I just picked up 2 frozen ducks.  I have never worked with duck before.  I am planning on serving it friday evening.  I will probably need to pre-cook it and reheat it.  When and how should I thaw it?  How should I cook it? How should I reheat it?  Also one is about 3.5lbs and the other about 4.5lbs.  How many adults do you think that will server at a meal with an app., another protien 2 starches and a hot an cold veg?


----------



## BreezyCooking (Jan 18, 2009)

Put your frozen ducks in the fridge - on plates in case they "leak" while defrosting.  Depending on how cold your fridge is (I keep mine in the 30's), they should be completely thawed by Wed./Thurs.  Even if they thaw out a little earlier, they'll still be fine & fresh for cooking Friday.

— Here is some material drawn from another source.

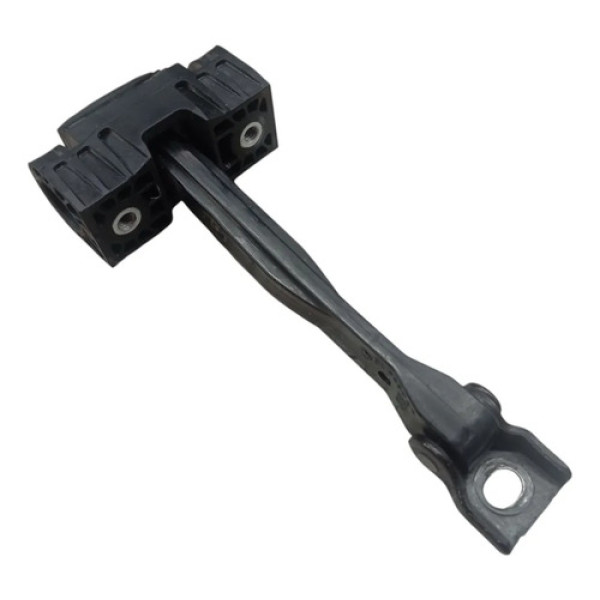 Limitador Porta Tras Dir Audi Q3 Sportback 2.0 2025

As far as cooking it - have you looked at any recipes or have any in mind?  If not, I suggest simply roasting them.  Unfortunately, precooking & reheating duck is something I can't help you with as far as guests are concerned.  While I frequently roast duck & reheat the leftovers in the microwave, I already know that I'll be losing some of the signature crispness of the skin, but I personally don't mind that.  Guests might.  Also, reheating in the oven (again, for guests) can result in meat that's too dry.  But perhaps some restaurant chefs on here can help you with that problem.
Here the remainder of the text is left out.